The cold itself also affects proprioception — your body’s sense of where its limbs are in space. Numb feet, in particular, reduce the feedback you receive through the soles, which are a crucial source of information when you are making constant micro-adjustments to your stance. Spending a few minutes warming up on the beach before paddling out, and consciously focusing on foot pressure and weight distribution during your first few waves, can help compensate. Some surfers wear 3mm neoprene boots even in relatively mild conditions specifically to preserve that sensitivity underfoot.

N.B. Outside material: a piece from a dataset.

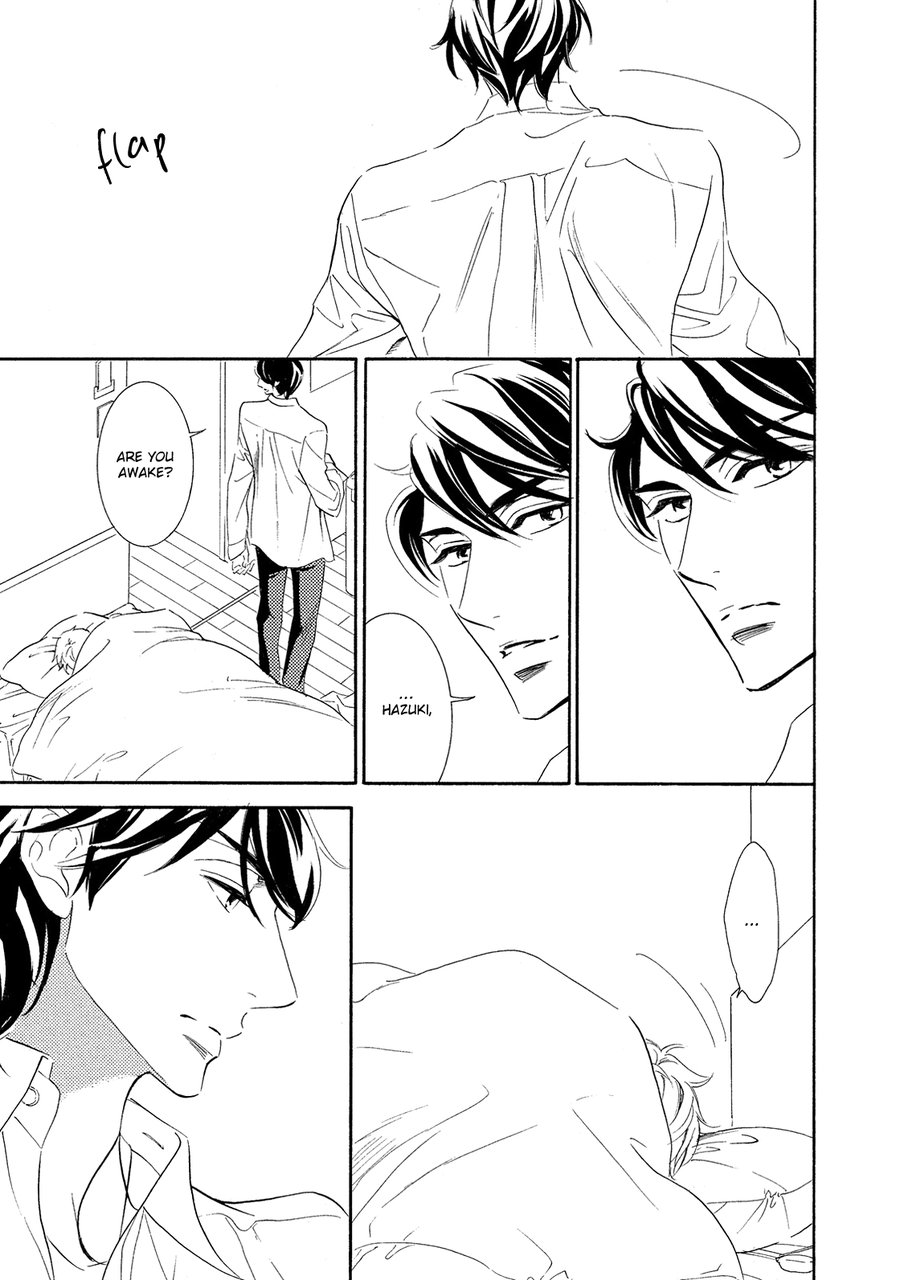 [NATSUMIZU Ritsu] Almond o Nanatsubu (update c.8) [Eng] — 081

If you train for surfing on land — whether through yoga, skateboarding, balance boards, or gym work — try occasionally doing those sessions in slightly restrictive clothing, or at least be aware that your wetsuit will alter your range of motion when you transfer skills to the water. Practising a wide, low stance specifically suited to thicker suit movement will serve you far better than perfecting a technique that only works when you are wearing boardshorts in August.
Conclusion
Improving your balance for surfing in the UK is not a single fix but an ongoing process, shaped by the particular conditions, kit, and coastlines you are working with. Cold water, powerful beach breaks, and unpredictable swells make greater demands on your stability than many warmer-water equivalents, but they also build a more adaptable and resilient surfer over time. Work on the fundamentals consistently — stance, core strength, foot positioning, and body awareness — and the results will come, even if the sea does not always make it easy.